General comments (6 comments)
General comments
Lundin‭ wrote over 3 years ago

"But is that the fault of the comment mechanism?" Partially, because there's the "pile on" effect, there is the public shaming and the "Internet never forgets" aspect. And also the exposure - the bad question keeps getting exposed and piled on even after it's established that it should be removed. If everyone just did the close vote, down vote and move on then that would probably work better. Then of course there's also plain snark/rudeness or generally poorly considered comments.

Lundin‭ wrote over 3 years ago

"On Codidact, we're losing face in front of strangers whose opinion has little impact on our lives." Except it's in front of the whole world and not just some local people. And again, the Internet never forgets. While your co-workers at a company are prone to forget something embarrassing you did quite soon, the failure isn't likely documented and preserved for all eternity.

Lundin‭ wrote over 3 years ago

"it helps prevent redundant feedback" You'd think it would, but it really doesn't... if we look at SO it's pretty much the norm that some 2-3 people say the same thing in comments. Some like to copy/paste the close post message too, that the OP will see anyway when the question gets closed.

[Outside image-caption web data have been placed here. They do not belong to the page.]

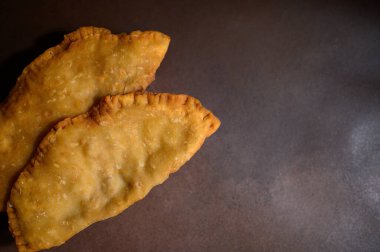 Kahverengi arka planda Cheburek. Et ve soğanlı kızarmış turta. Geleneksel Türk, Moğol, Doğu Tatar, Kafkas mutfağı. Yukarıdan bak. Boşluğu kopyala.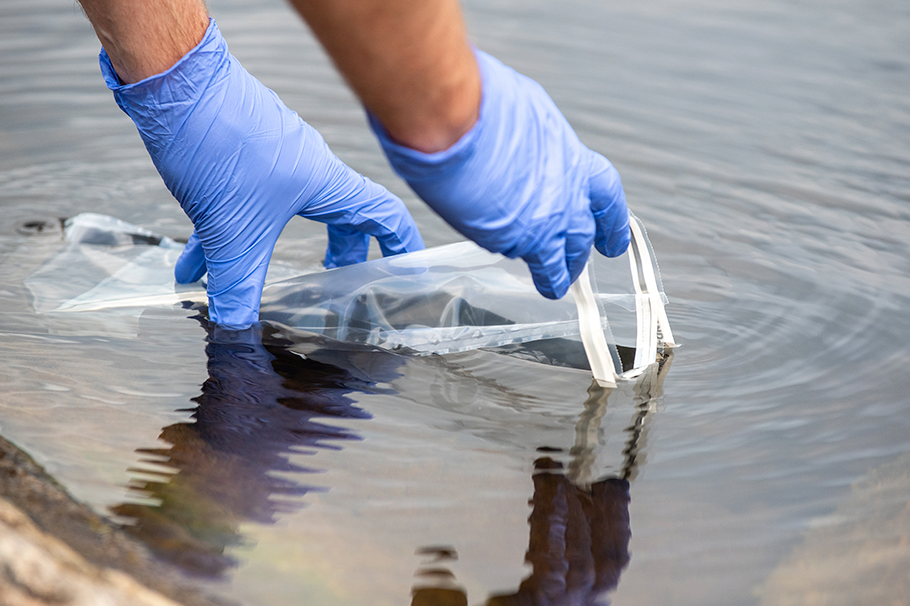 Person taking a water sample Person taking a water sample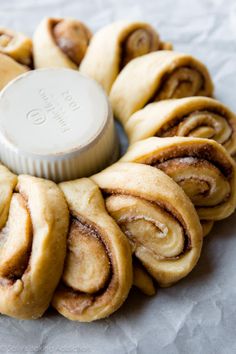 cinnamon buns are arranged in a spiral on top of wax paper with a bottle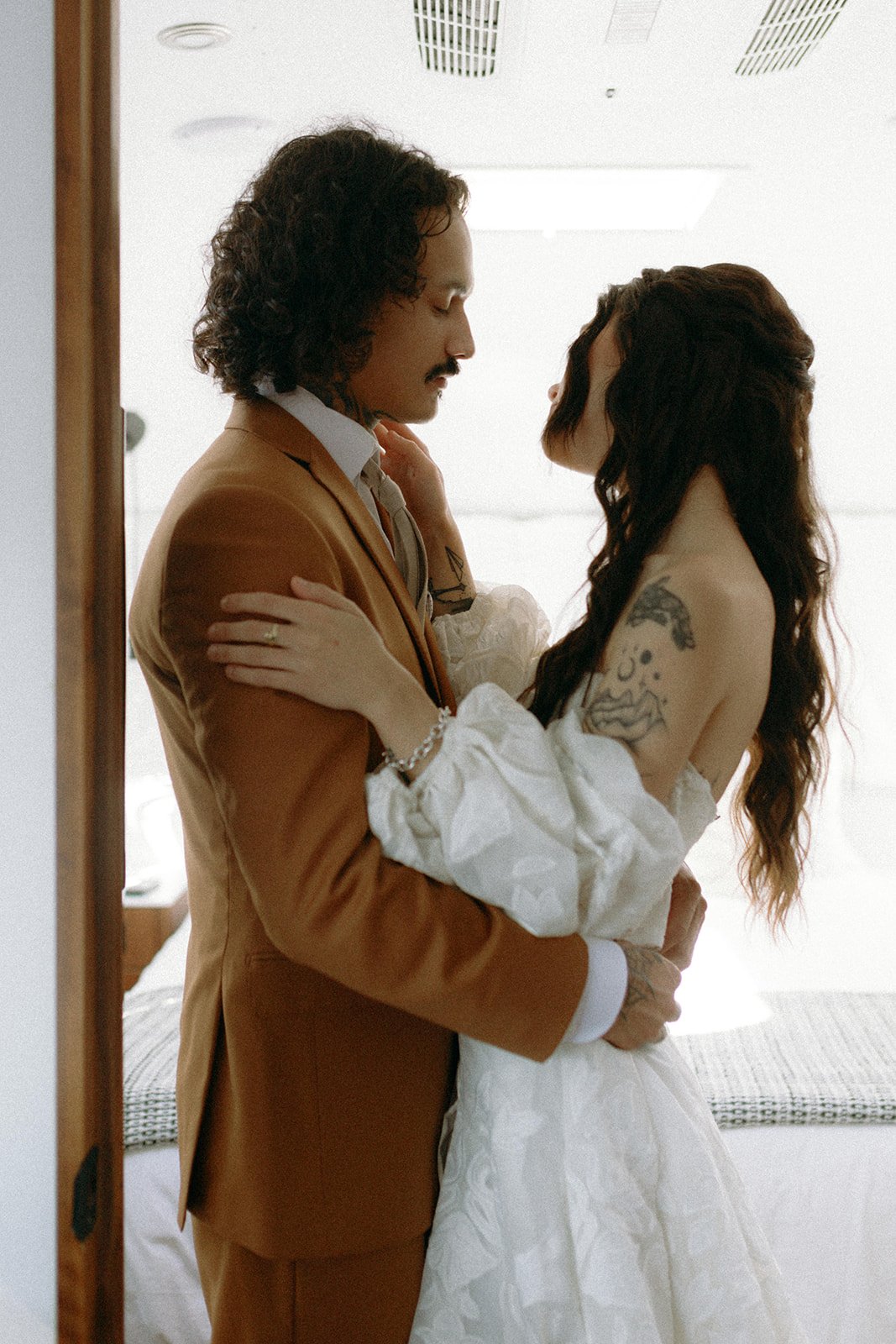 Couple sharing a quiet moment together while getting ready before their micro wedding ceremony in Boston, photographed by Nicole Kilday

Lundin‭ wrote over 3 years ago

The main issue is perhaps that you give the option to leave feedback to people who have absolutely no interest in giving it, they just want the bad question gone from "their" site.

meriton‭ wrote over 3 years ago

The exposure thing is good point, might be worth a separate suggestion for improvement. About the "internet never forgets": that's true, but does that affect me? "the whole world": sure, but most people on this world couldn't care less about what I do online :-)

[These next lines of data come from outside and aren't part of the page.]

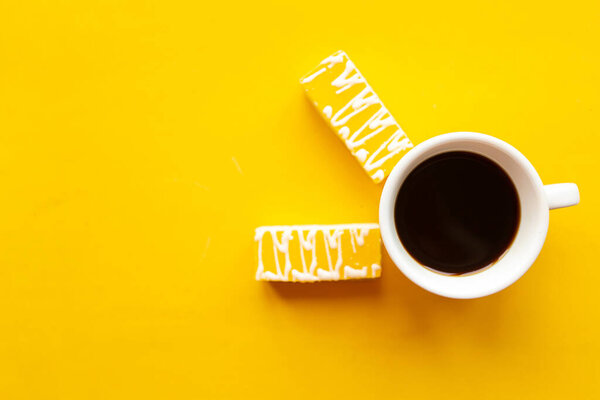 Delicious color bright cakes and coffee cup. Bright yellow background, minimal concept.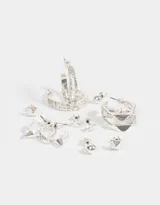 Set de aros plateados con seis pares de aros pasantes con diferentes diseños: bolitas, púas, cruces y argollas con púas, dobles y orgánicas.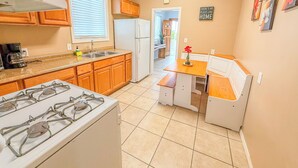 A compact kitchen with a gas stove, sink, and wooden cabinets. A small dining area with a bench and table is adjacent to the kitchen.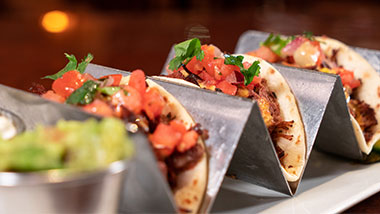 three tacos with pico de gallo on top with guacamole on the side
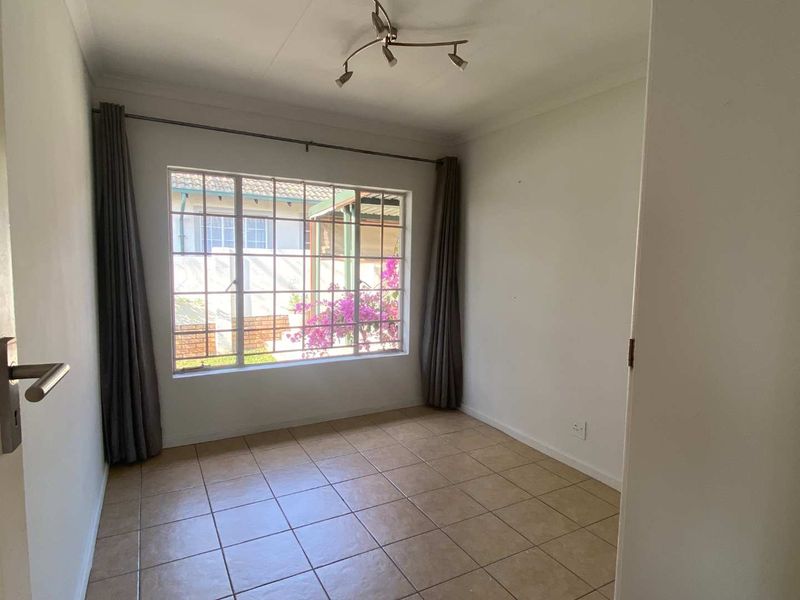 A bright, empty bedroom featuring neutral tiled flooring, a ceiling-mounted light fixture, and a large window with security bars overlooking the exterior.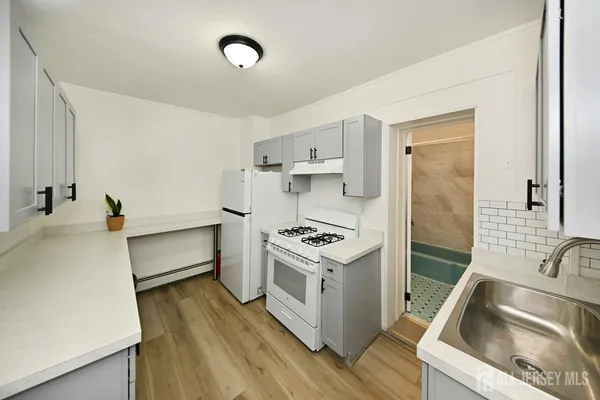 a kitchen that has a sink and a stove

meriton‭ wrote over 3 years ago

"redundant feedback" I said it "helps" prevent redundancy, not that all redundancy is prevented. I am aware that people can still write redundant comments, but because people have means to see the redundancy, my hope is that less people will do so. After all, it's a waste of their time, so they have an incentive not to write redundant messages. "giving feedback should be optional": I agree.